(AVAILABLE DATA)

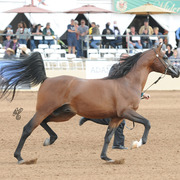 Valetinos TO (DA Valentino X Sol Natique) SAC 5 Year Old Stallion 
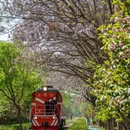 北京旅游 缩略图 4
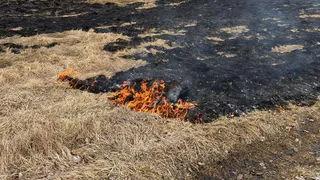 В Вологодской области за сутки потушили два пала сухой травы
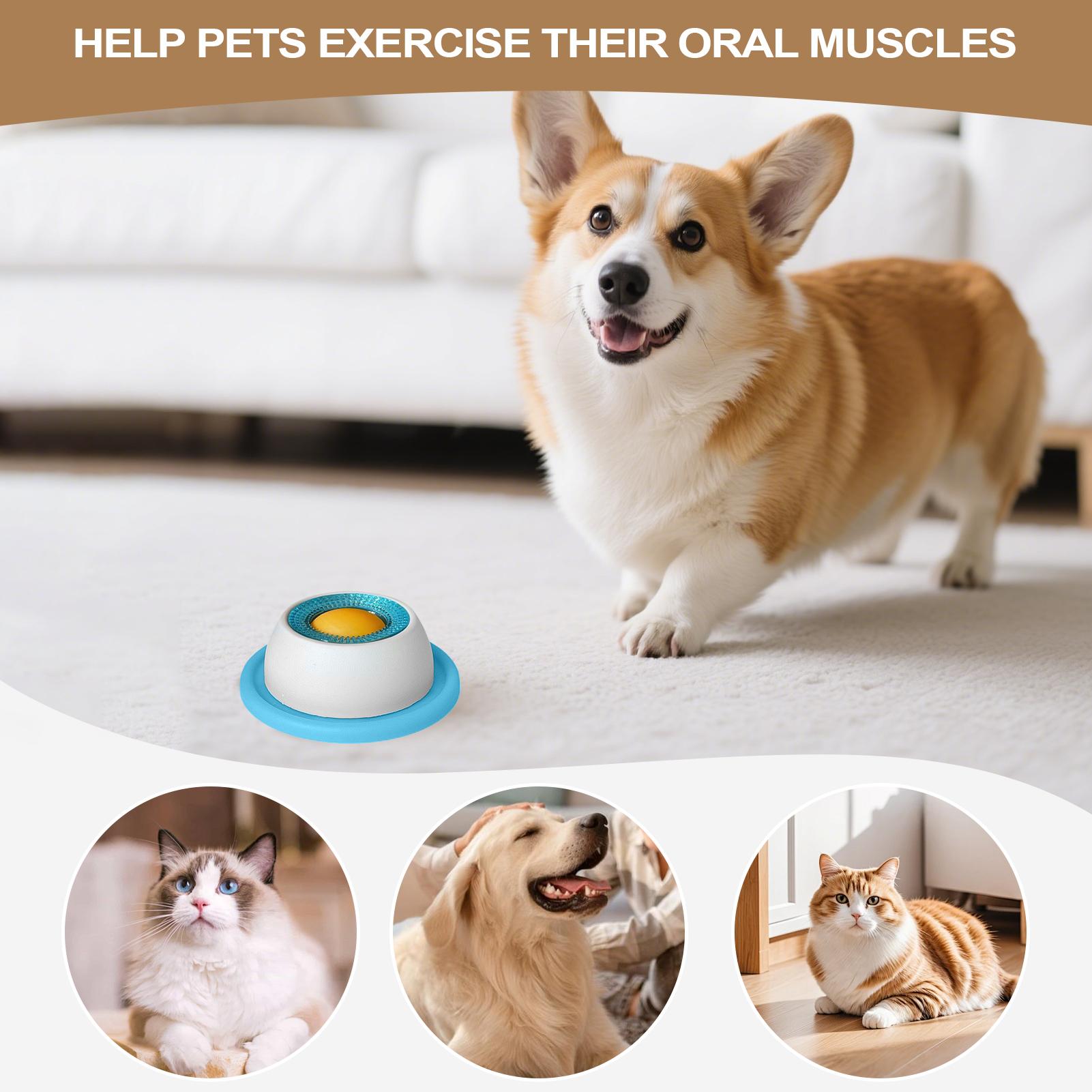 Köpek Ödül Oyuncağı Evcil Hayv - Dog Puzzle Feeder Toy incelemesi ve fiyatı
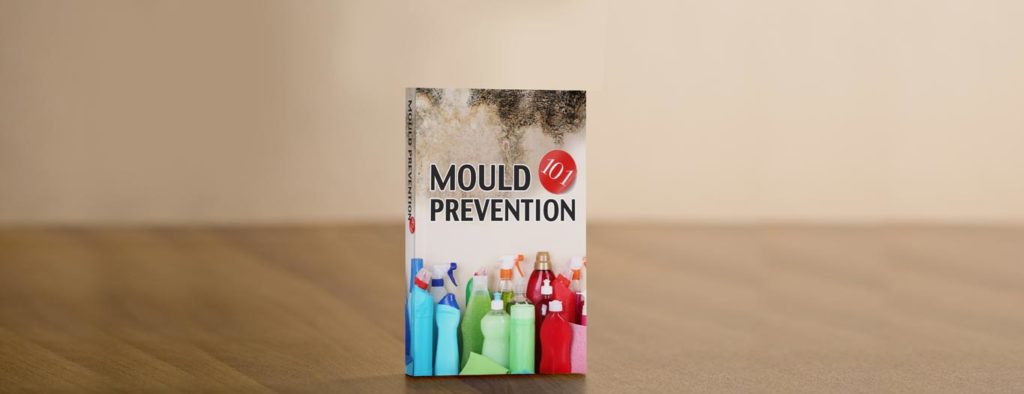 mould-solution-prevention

(End AVAILABLE DATA)

# PROBLEM DESCRIPTION:
Leave the pictures out and return the rest of the listing exactly.

# YOUR SOLUTION:
 Valetinos TO (DA Valentino X Sol Natique) SAC 5 Year Old Stallion 
 北京旅游 缩略图 4
 В Вологодской области за сутки потушили два пала сухой травы
 Köpek Ödül Oyuncağı Evcil Hayv - Dog Puzzle Feeder Toy incelemesi ve fiyatı
 mould-solution-prevention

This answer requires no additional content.